Not so quickly. Quite a lot of the complaints have been made by white English people; they've shown themselves as sensitive to the issue as non-whites. Also, I've lived in a few places, and the UK is easily the place most tolerant of racial difference.

Katie

That said, ignorance of another country isn't necessarily racism, is it? The food thing and the hands thing comes from ridiculous parodies of India in popular culture.

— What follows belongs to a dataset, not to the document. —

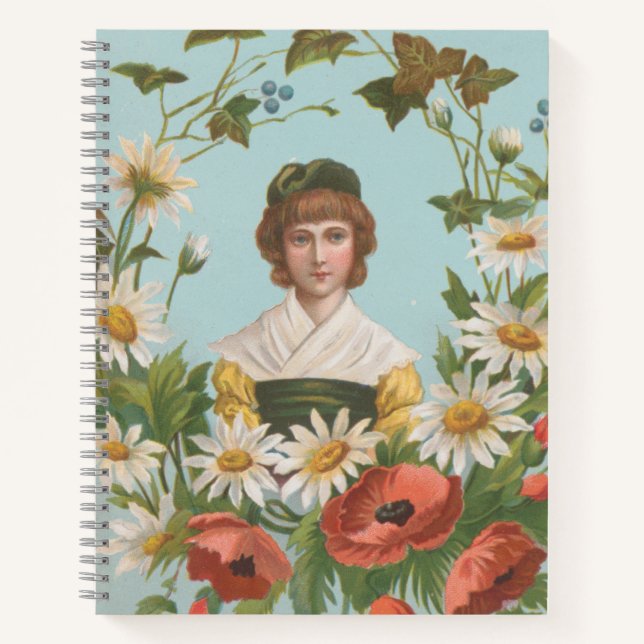 Kitschy Retro German Valentine's Card, 1884 Notebook (Front)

Equally, a lot of UK ideas about what about who, say, Americans are, or Australians or whatever, are equally silly and ignorant: it's just that as they speak "our" language and tend to the pale skin like us, it's not suggested as racism. Race can mean nation as well as colour, no?

AntiCitizenOne

So there's now an objective measure of merit is there?

We move from a centrally planned economy to a centrally planned morality!

a

"What happened to the dignified, egalitarian working class we knew and loved ?"

A combination of

Welfare state
Decline of religious faith
A decision by the administrators of welfare state not to "impose middle-class values" or to discriminate between the "deserving" and "undeserving", thus undermining the respectable working class.

In Norman Dennis' words :

"Because of its moral judgementalism, the respectable working class was one of the few groups of the poor and deprived to whom the reforming intelligentsia of non-working-class origin did not—and does not—extend its tolerance. One of the ways in which this anomaly was explained away by the reforming intelligentsia was to characterize
respectable English working-class values as ‘bourgeois’. They were not really working-class values at all but had been foisted upon them—as if working people had never possessed the wit to discover for themselves through their own experience that there was a great deal to be said, especially in their circumstances, for thrift, prudence, foresight, dependability, and self-improvement. To the extent that these virtues also benefited capitalists, turning the working man into his own slavedriver, and his diligent wife into an unpaid adjunct keeping him well ‘serviced’ for his exploiters, that was unfortunate.

But the respectable working man still thought that he was badly advised by his economic betters in the intellectual vanguard when he was exhorted to cut off
his proletarian nose to spite bourgeois faces."